Five Ways Cell Phones are Changing Agriculture in Africa

A Maasai pastoralist in Kenya utilizes his mobile phone to keep tabs on his herd (Sven Torfinn)

Sub-Saharan Africa now has more than 650 million mobile phone subscribers. Mobile technology is especially transformative for the agriculture sector. Here are five important ways cell phones are changing African agriculture:

1) Access to market prices: Mobile phones allow farmers to gain access to vital information about prices of crops before they travel long distances to markets. Cell phone services employ SMS text messaging to quickly transfer accurate information about wholesale and retail prices of crops, ensuring farmers can  negotiate deals with traders and improve their timing of getting crops to the market. SokoniSMS64 is one popular service used in Kenya to provide farmers with accurate market prices from around the country.

2) Micro-insurance: Cell phones are also used for a “pay as you plant” type of insurance. Kilimo Salama, meaning “safe agriculture” in Swahili, is a micro-insurance company that protects farmers against poor weather conditions. The insurance is distributed through dealers who utilize camera phone technology to scan and capture policy information through a code using an advanced phone application. The information is then uploaded to Safaricom’s mobile cloud-based server that administers policies. Farmers can then receive information on their policy, as well as payouts based on rainfall, in SMS messages.

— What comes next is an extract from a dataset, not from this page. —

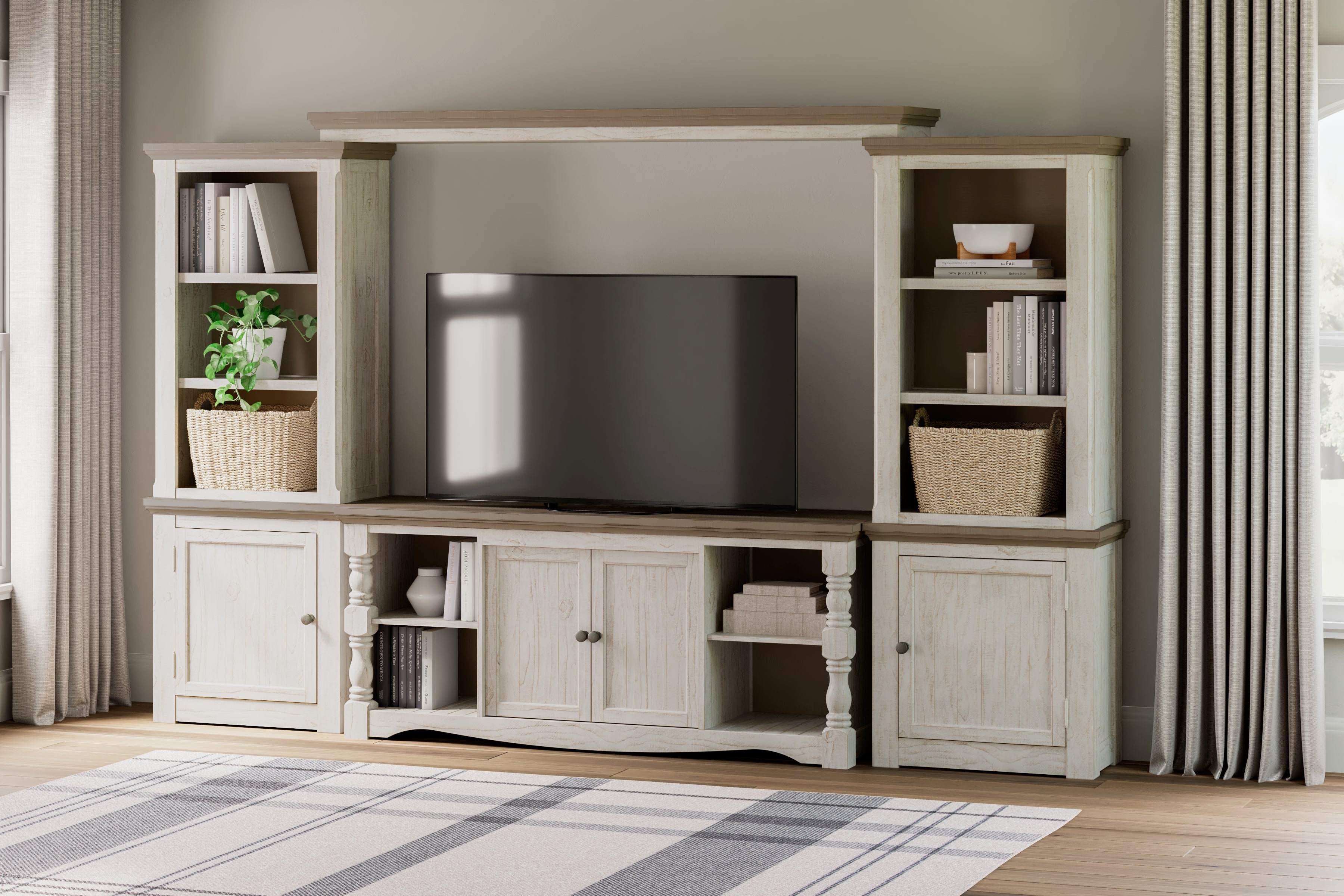 Elite Furniture Outlet - Ashley Furniture - Havalance Entertainment Center - 4-Piece Entertainment Center / Two-tone - W814W1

This is a paperless, completely automated process. 

3) iCow from M-Farm: This cell phone application calls itself “the world’s first mobile phone cow calendar.” It enables farmers to keep track of each cow’s individual gestation so farmers never miss the valuable opportunity to expand their herd. iCow also keeps track of feed types and schedules, local veterinary contact information, and precise market prices of cattle. 

4) Instant weather information: Mobile technology provides farmers with crucial weather data so they can properly manage their crops. Programs such as Tigo Kilimo in Tanzania give small-scale farmers instant weather information combined with appropriate agricultural tips. 

5) CocoaLink: This app makes use of western Ghana’s rapidly expanding mobile network to deliver important information to cocoa farmers. The World Cocoa Foundation created this program to provide free voice and SMS text messages about farm safety, child labor, health, and improvements in farming practices, crop disease prevention, and crop marketing. Farmers receive messages in English or their local language.